Washington, D.C. – Following her yearlong push for reform, U.S. Senator Kirsten Gillibrand today applauded the new White House regulations that will require veterinarians to oversee the use of medically-important antibiotics in food animals. The Food and Drug Administration (FDA) regulations establish a the Veterinary Feed Directive which requires that medically important antibiotics be used under veterinary oversight, halts the over-the-counter sale of antibiotics, and ends the use of these important medications for growth promotion. Senator Gillibrand has pushed for this new directive since January 2014 in letters to the FDA and the Office of Management and Budget, stressing the need for better oversight of antibiotics used in animals raised for human consumption.
The FDA confirmed the misuse and overuse of antibiotics is a key factor in the development of antibiotic-resistant pathogens.

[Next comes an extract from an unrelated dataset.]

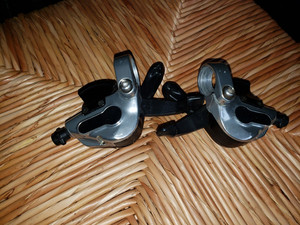 Shimano Deore LX SL-M569 8 Speed Trigger Shifter Set
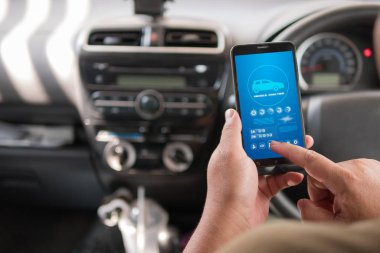 Mobil akıllı telefon araç analiz appiicati kullanan adam elinde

The Center for Disease Control and Prevention estimates that drug-resistant bacteria causes two million illnesses and approximately 23,000 deaths each year in the United States alone. The Veterinary Feed Directive will ensure that antibiotics used in animal feeds will be used in appropriate dosages and for a specified time.
“If a foodborne illness is caused by an antibiotic resistant bacteria, it is much harder to treat. We know that the misuse of antibiotics contributes to resistance which is why I pushed for better oversight of the medicines used in animal feeds,” Senator Gillibrand a member of the Senate Agriculture Committee. “Thousands of Americans are hospitalized each year because of foodborne illness, and an alarming number of those cases are resistant to the medicines doctors use to treat patients. This new directive gives veterinarians the tools they need to dispense medically important antibiotics more judiciously and efficiently, helping to curb the growth of antibiotic resistant bacteria and make our food safer. By ending the over-the-counter sale of these medicines we can better preserve the effectiveness of antibiotics humans need to stay healthy.
The Centers for Disease Control estimates that each year approximately 1 in 6 Americans get sick, 128,000 are hospitalized and 3,000 die of foodborne diseases. According the U.S. Department of Agriculture estimates, nearly a quarter of all cut-up chicken parts are contaminated by Salmonella and another Consumer Reports study found that one third of all chicken breast with Salmonella carry a drug resistant strain of the disease.
Earlier this year Senator Gillibrand introduced two pieces of legislation regarding food safety, the Safe Food Act and the Meat and Poultry Recall Notification Act. The Safe Food Act would consolidate food safety authorities into a single independent food safety agency called the Food Safety Administration to oversee food safety functions including inspections, enforcement, recalls and restrictions on pathogens like Salmonella and E.coli. The Meat and Poultry Recall Notification Act would provide the USDA with mandatory recall authority over contaminated meat and poultry and allow the USDA to recommend a voluntary recall of a product to a manufacturer, importer, distributor, or retailer.